There are a few things, however, that a person does need in order to be truly happy. Fortunately, they may not be as difficult for your family to achieve as one may think.
One part of being truly happy is being able to respect yourself. And real self-respect comes, of course, from living in such a way as to make yourself able to feel respect for yourself. Being able to look yourself in the face every day, and say, “I am OK!” and mean it, adds much to a person’s ability to have true and lasting happiness. No matter what others may think of you, if you know you are a worthwhile human being, that’s what matters. This self-respect will rub off on your family members.
A sense of purpose
Having something to be enthusiastic about, is a very big help in being truly happy. Purpose comes from having gainful employment that you love, a family to take care of or anything that you do that betters your life and the lives of others around you. In my own life, I have found that the fastest way for me to cheer up if I am feeling low about anything, is to do something nice for someone else. I am amazed how much my own happiness increases just because of that.
Not being too hard on yourself
We all make mistakes. My teenage children are really good at reminding me of that fact. If we do something dumb, tactless, or blurt out the wrong thing at the wrong time, (I’m really good at that) it doesn’t mean the world has ended, or that we’re not worthwhile people.
Now, of course if we have done something that requires fixing or an apology to someone else, then by all means, we need to fix the mistake we’ve made. But once that’s done and over with, continuing to dwell on the dumb thing we did, and recycling needless guilt isn’t very productive. Moving forward, making yourself better day by day, and not being too hard on yourself can help to increase personal and family happiness.

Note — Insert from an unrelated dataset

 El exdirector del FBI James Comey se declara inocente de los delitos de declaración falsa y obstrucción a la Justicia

Holding grudges, nursing age-old, secret injuries and down-right hating other people has never helped anyone to be happy — no matter how justified they may feel. That isn’t to say that you need to approve of inappropriate things that others might do, or trust people who have shown that they don’t deserve your trust. In fact, it is wise to avoid people and situations that are unhealthy for you. But putting aside past injuries by not dwelling on them, and seeing the good in the world wherever you can, is a pretty big part of being able to find happiness — especially in family life.

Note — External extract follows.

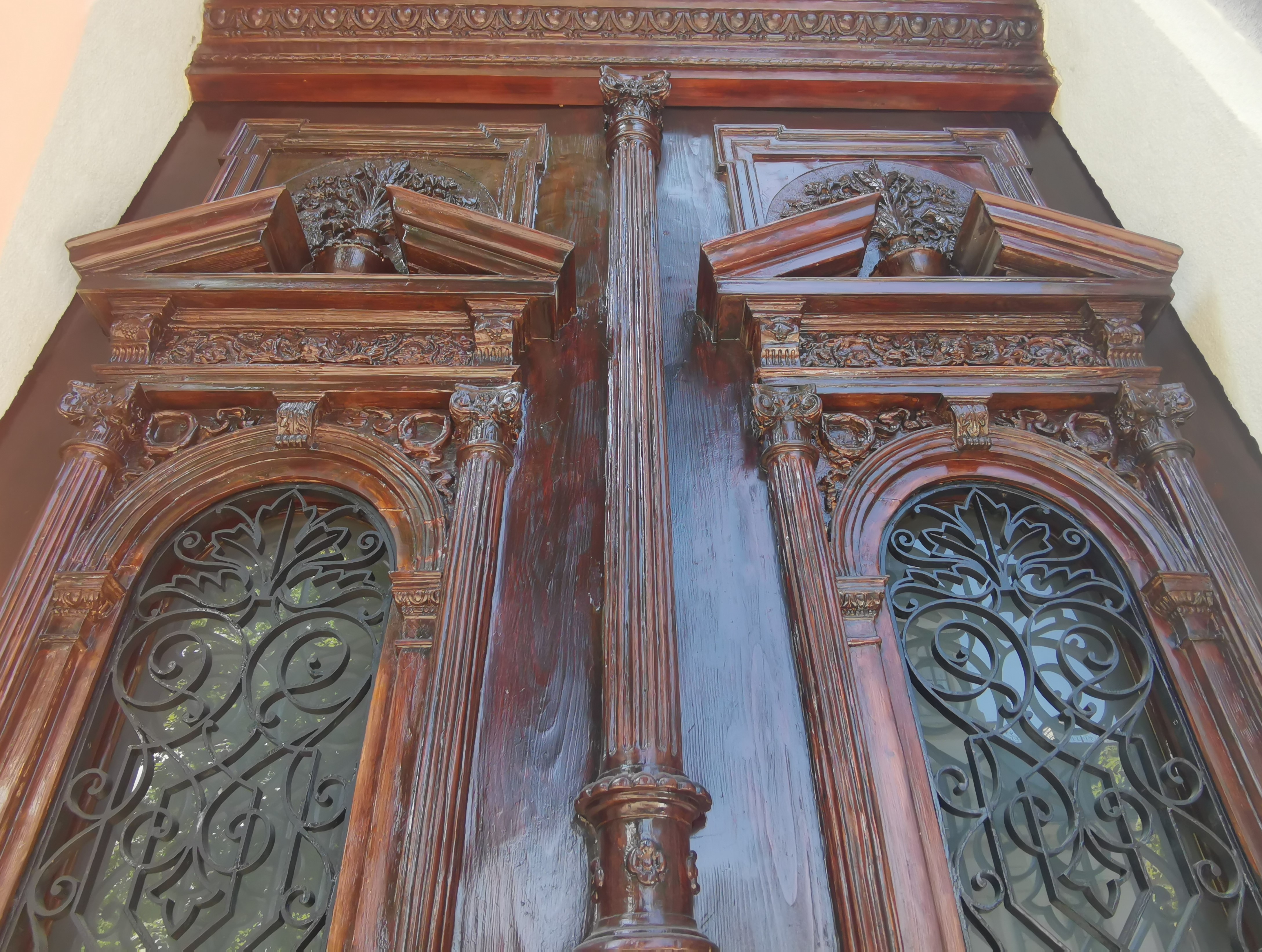 Skrzydła drzwiowe po renowacji.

In the end, happiness is a choice that we make for ourselves. It is something that develops in our own hearts. Having awesome things is nice and there’s nothing wrong with seeking to improve the quality of our lives. But, true happiness comes from something more than stuff. Being able to respect ourselves, having a sense of purpose, not being too hard on ourselves and looking for the good in the world are all ways that can help us build and maintain true and lasting happiness.